DC DAX regions are populated with dax_resource children that each carry a
backing tag uuid and a per-allocation sequence number (seq_num).  Add the
userspace claim semantics that resolve those tagged groups into DAX
devices.

A DC region's seed dax device is created at 0-size on probe; userspace
populates it by writing to its 'uuid' attribute:

  * A non-null UUID claims every dax_resource on this region whose tag
    matches, in seq_num order via uuid_claim_tagged().  The match set
    must form a dense 0..n-1 sequence (no gap, no duplicate); the CXL
    side maintains this invariant for both sharable allocations (where
    the device stamps shared_extn_seq) and non-sharable allocations
    (where cxl_realize_group assigns arrival-order seq).  The resulting
    DAX device's size equals the sum of every member extent's size.

  * "0" claims a single untagged dax_resource via
    uuid_claim_untagged().  Untagged extents are independent
    allocations; collapsing several would aggregate unrelated capacity,
    so each uuid="0" write consumes exactly one untagged resource.

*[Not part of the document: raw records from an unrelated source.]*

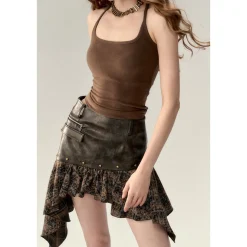 Via Pitti Padded Casual Sport Vest Top Brown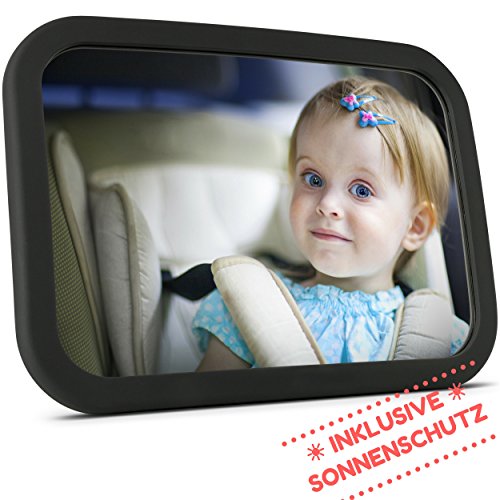 Rücksitzspiegel für Babys von Steppenläufer | Babyspiegel für's Auto (Kindersitz-Spiegel) - Autospiegel / Rückspiegel für's Baby, splitterfreier und extra großer Spiegel für die Babyschale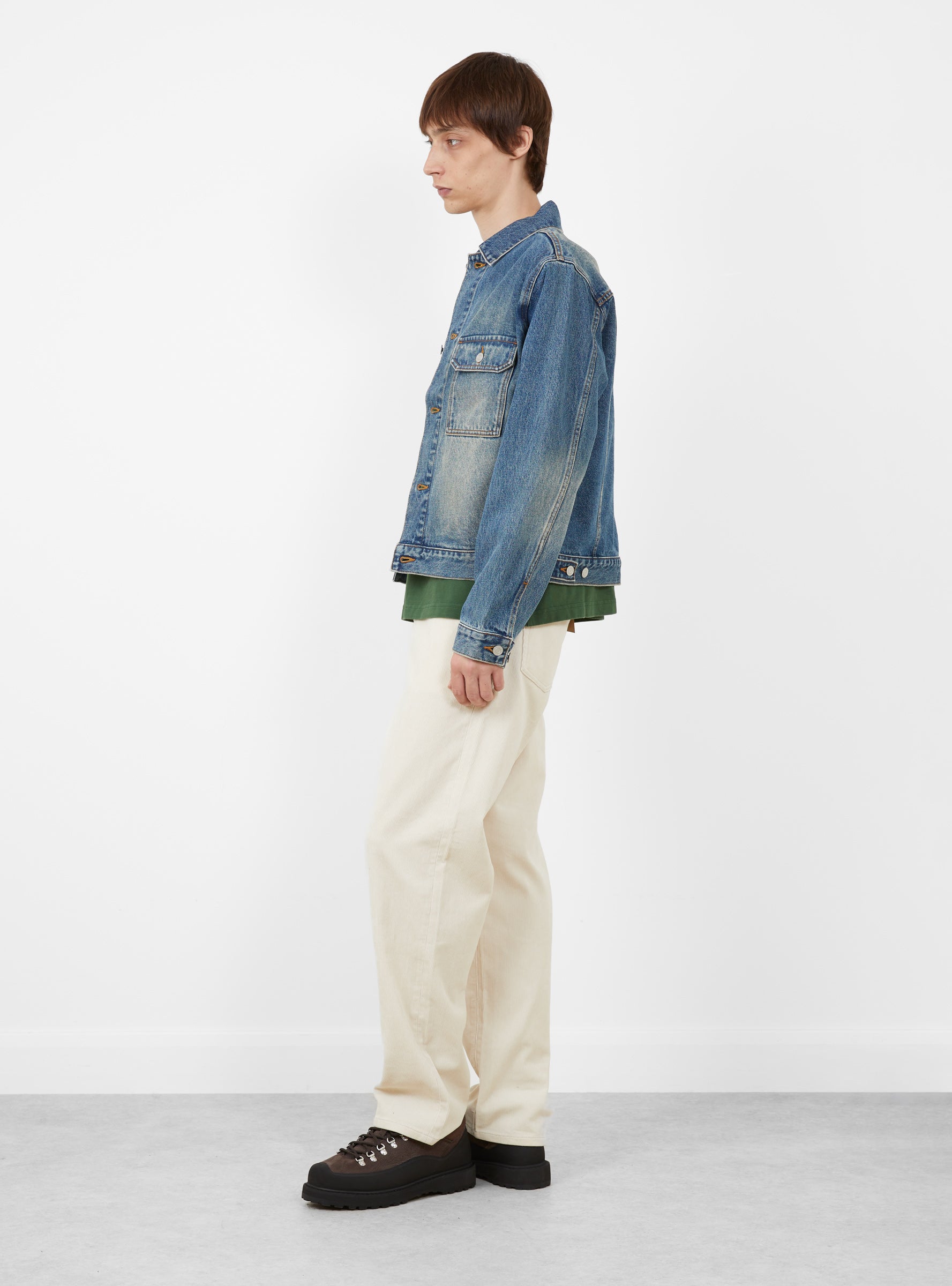 Trucker Denim Dark Wash Indigo Stussy (model side) at Couverture & The Garbstore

  * A write that matches no dax_resource returns -ENOENT; the device
    stays at size 0.

  * A write to an already-claimed device (non-zero size) returns
    -EBUSY; a device's uuid cannot be overwritten once claimed.

uuid_show() reads back the backing tag uuid (or the null UUID for an
untagged claim).  The attribute is read-only (0444) on non-DC dax
devices; writes to it on non-DC regions return -EOPNOTSUPP.

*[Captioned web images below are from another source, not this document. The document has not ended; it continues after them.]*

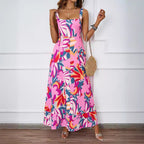 Damen Maxikleid mit floralem Schnitt und modernem Quadrat-Ausschnitt R&B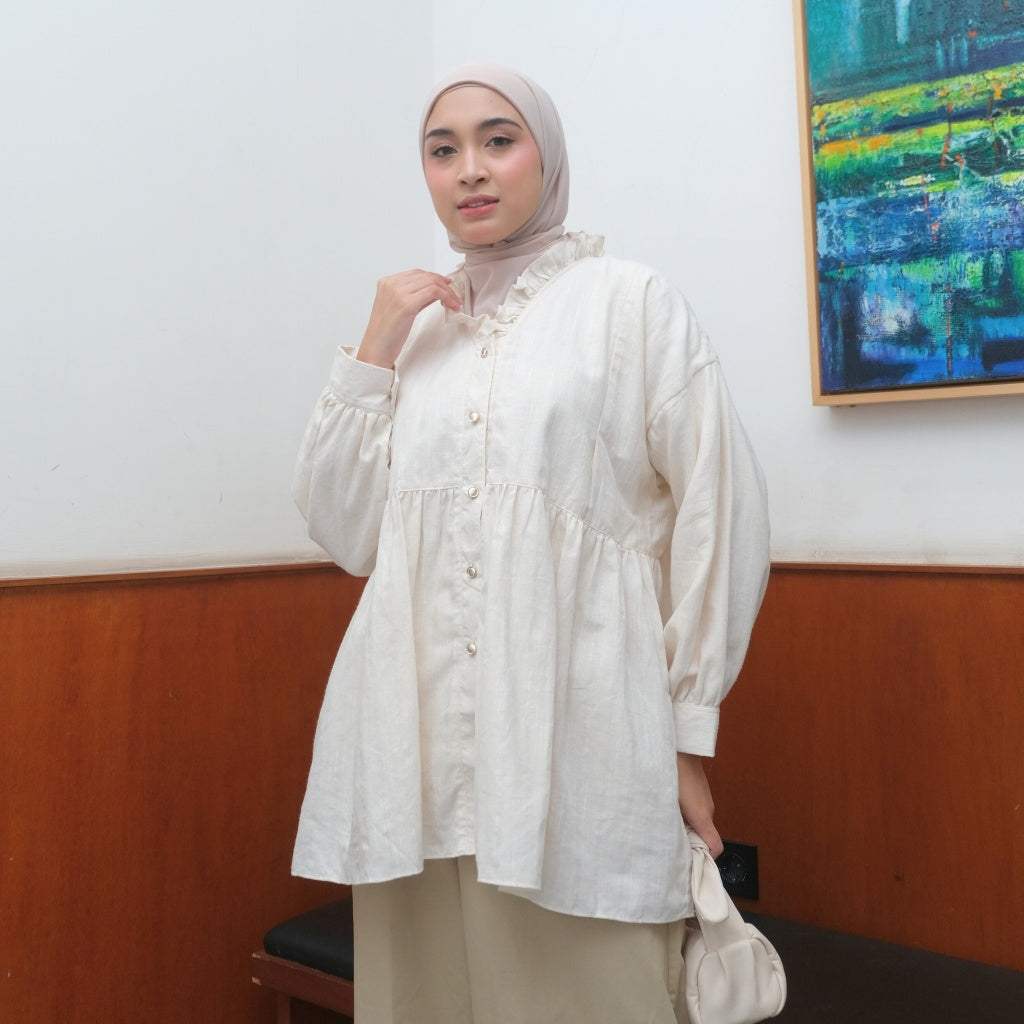 Eclemix Top Elara | Atasan Wanita Blouse Polos Kerah Frill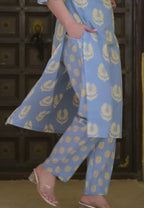 Sky Blue Pure Cotton 3-Piece Suit Set with Heavy Neck Embroidery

dev_dax_visible() makes the uuid attribute writable on DC dax devices
and read-only elsewhere.

Based on an original patch by Navneet Singh.

Signed-off-by: Ira Weiny <[email protected]>
Signed-off-by: Anisa Su <[email protected]>

---
Changes:
[anisa: uuid_show() emits the null uuid ("%pUb" of uuid_null) rather
 than "0" for an untagged or uuid-less device, matching the documented
 read value.]
[anisa: uuid_show()/uuid_store() take their rwsems via ACQUIRE() scoped
 guards instead of explicit down/up with goto unwinding.]
[anisa: uuid_store() refuses to re-claim an already-claimed device
 (-EBUSY) so a uuid cannot be overwritten.]
---
 drivers/dax/bus.c | 262 +++++++++++++++++++++++++++++++++++++++++++++-
 1 file changed, 259 insertions(+), 3 deletions(-)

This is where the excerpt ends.